- Definitions of data science span a contentiously broad range.
- In academia, data science includes the messiness of “data janitorial work” and the subtleties of communicating results through data.
- Most arguments over the definition of data science come down to power and funding.
“I saw the best minds of my generation destroyed by madness,” wrote the poet Allen Ginsberg. In clause after clause, Ginsberg sang of the gulf between higher aspiration and the realities of Cold War America: “angelheaded hipsters burning for the ancient heavenly connection to the starry dynamo in the machinery of night” — and the chasm experienced by students with the increasingly militarized universities: “who passed through universities with radiant cool eyes hallucinating Arkansas and Blake-light tragedy among the scholars of war.”
In 2011, Jeff Hammerbacher, a former Facebook data team leader, riffing on Ginsberg, bemoaned, “The best minds of my generation are thinking about how to make people click ads. That sucks.” Of all the things to optimize, a generation had chosen manipulating attention.
Along with DJ Patil, Hammerbacher is credited with coining the term “data scientist” to describe a crucial new role in the corporate world from start-ups to Fortune 500 corporations. What does a data scientist do differently than practitioners of all the various quantitative approaches to the world we’ve seen? What exactly is “data science”? Definitions, we will see, vary.
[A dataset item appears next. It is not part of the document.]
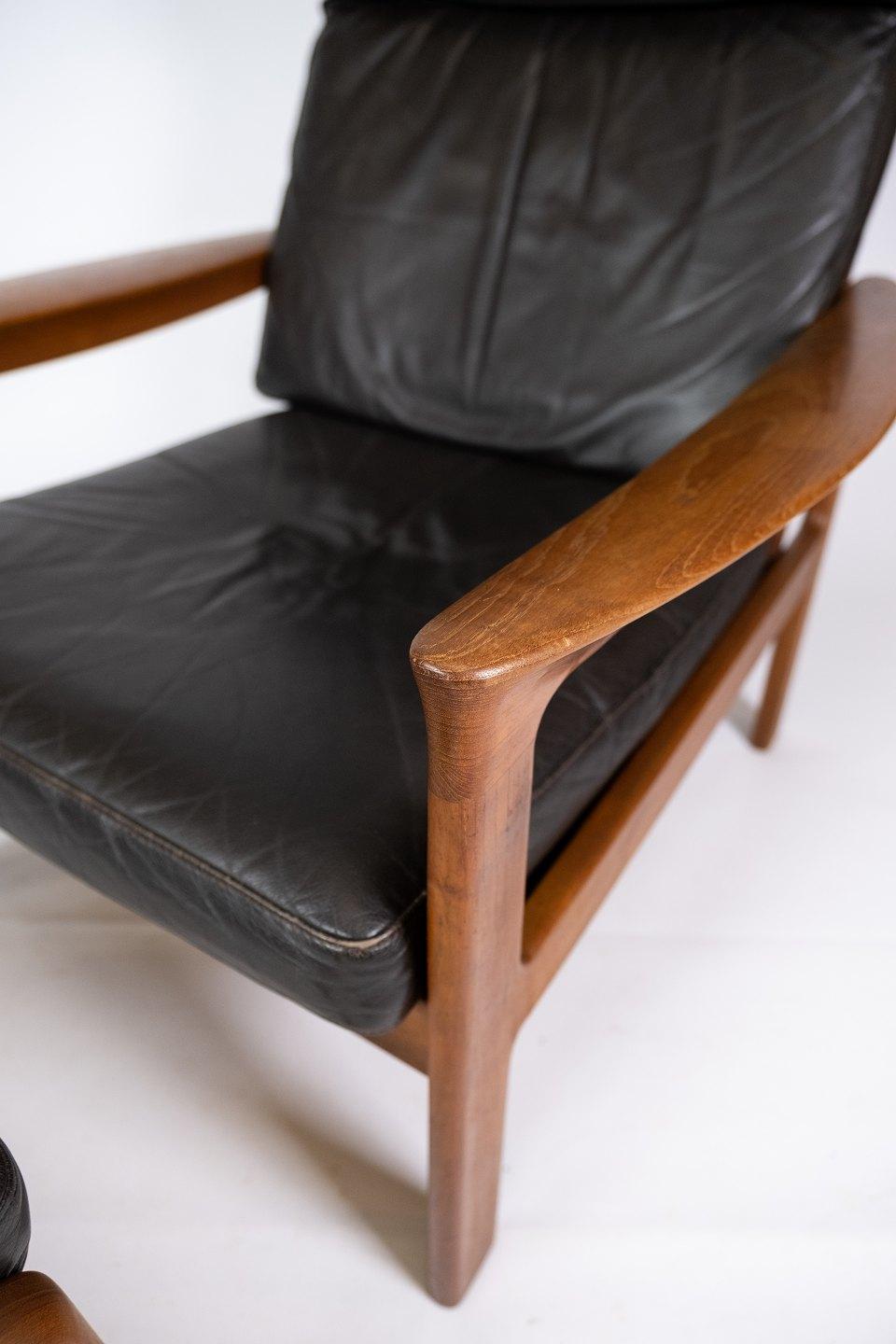 Danois Easy Chair avec tabouret en teck recouvert de cuir noir par Arne Vodder en vente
Industrial data science came to mean machine learning and statistics combined with the software engineering and concrete data work needed to build digital products and services. In academic research, the term is capacious, extending beyond statistics to include the broader and less “technical” skills needed for making sense of the world through data, from the messiness of “data janitorial work” to the nuances of communicating results through data. Rather than abstractly “burning for the ancient heavenly connection,” the term speaks to the practical complexities of such work, starting with data analysis getting grubby with data. Riffing on Robert A. Heinlein, a very different Cold War writer, the data scientist Joel Grus satirized the expectation a “data scientist” had mastered the wide diversity of data tasks needed in industry:
“a data scientist should be able to run a regression, write a sql query, scrape a web site, design an experiment, factor matrices, use a data frame, pretend to understand deep learning, steal from the d3 gallery, argue r versus python, think in mapreduce, update a prior, build a dashboard, clean up messy data, test a hypothesis, talk to a businessperson, script a shell, code on a whiteboard, hack a p-value, machine-learn a model. specialization is for engineers.”
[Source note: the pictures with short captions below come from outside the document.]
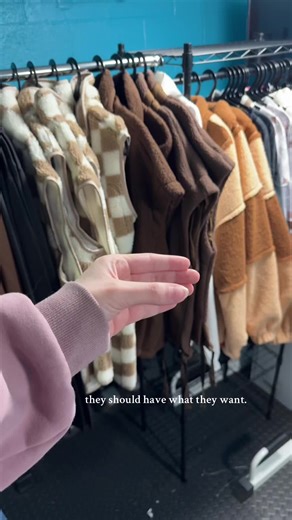 you deserve what you want💗🫶🏼 Pack an order with me!! #packanorderwithme #clothingboutique #onlineboutique #fyp #trending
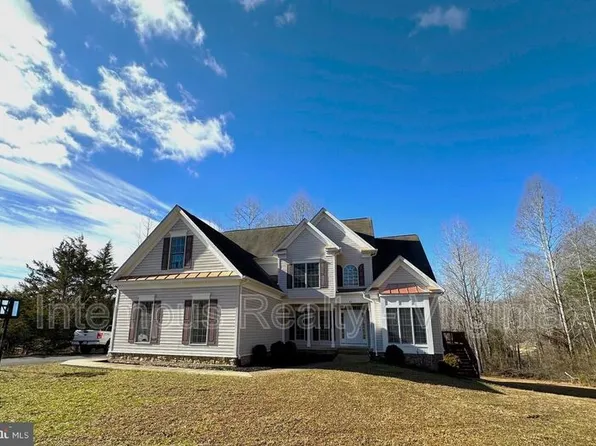 41 Rainwater Ln, Fredericksburg, VA 22406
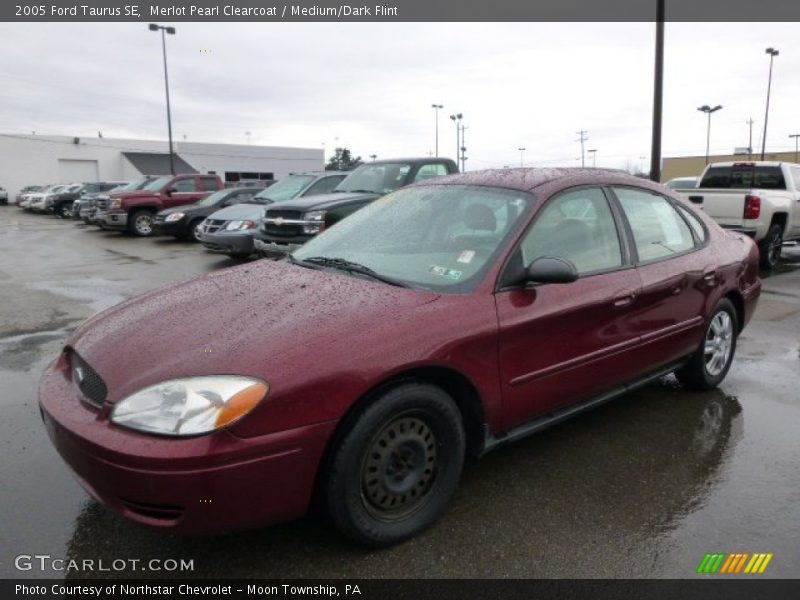 Merlot Pearl Clearcoat / Medium/Dark Flint 2005 Ford Taurus SE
As the field rose to prominence in industry and academia, with associated job opportunities, funding opportunities, and new departments and degrees, employers and administrators sought to define things more precisely. Often, trying to nail down “data science” devolves into a verbal tussle in the online comment sections which coevolved with the internet. Rather than insist on one definition of “data science,” we seek to outline contours of contestation around the term.
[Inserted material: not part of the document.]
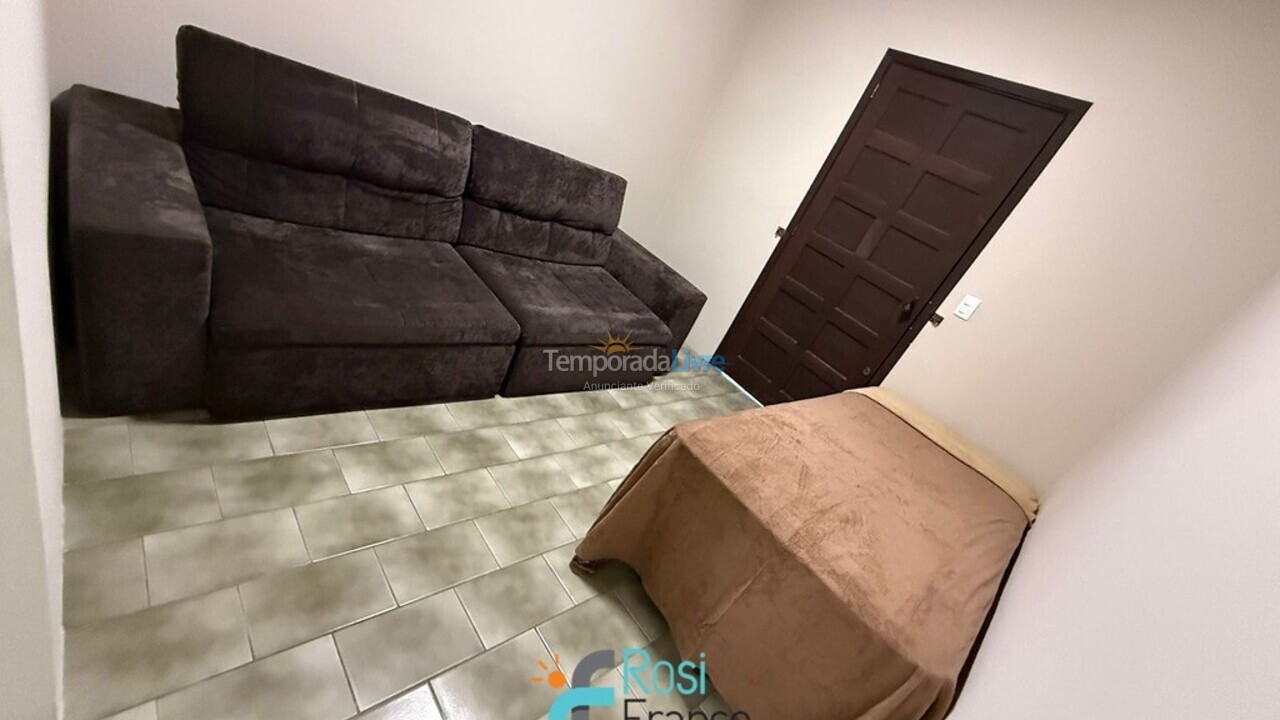 Casa para alquiler de vacaciones em Itapema (Meia Praia Segunda Quadra Mar)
For a decade now, in presentations, through memes, in comments to posts, practitioners have fought over what the term really stands for, in contrast to say statistics, machine learning, or earlier “data mining.” The arguments fundamentally concern who has authority and who gains capacities to rearrange power in dealing with data. And they concern who ultimately gets the funding — in corporations, in academia, and from the government.
To be clear, there was good reason for excitement and funding. In a variety of industries, making sense of the world through data had been transformational. The ability to recommend the right product and content to commercial users made possible a so-called “long tail” business model.
Similarly, in commercial software, we’ve become used to phones as devices we can talk “to,” not “on,” as speech recognition has improved through multiple quantum leaps. In finance, the single most profitable fund, the Medallion Fund at Renaissance Technologies, trades using statistical analysis, along with considerable attention to the software engineering needed to gather data, learn models, and execute trades.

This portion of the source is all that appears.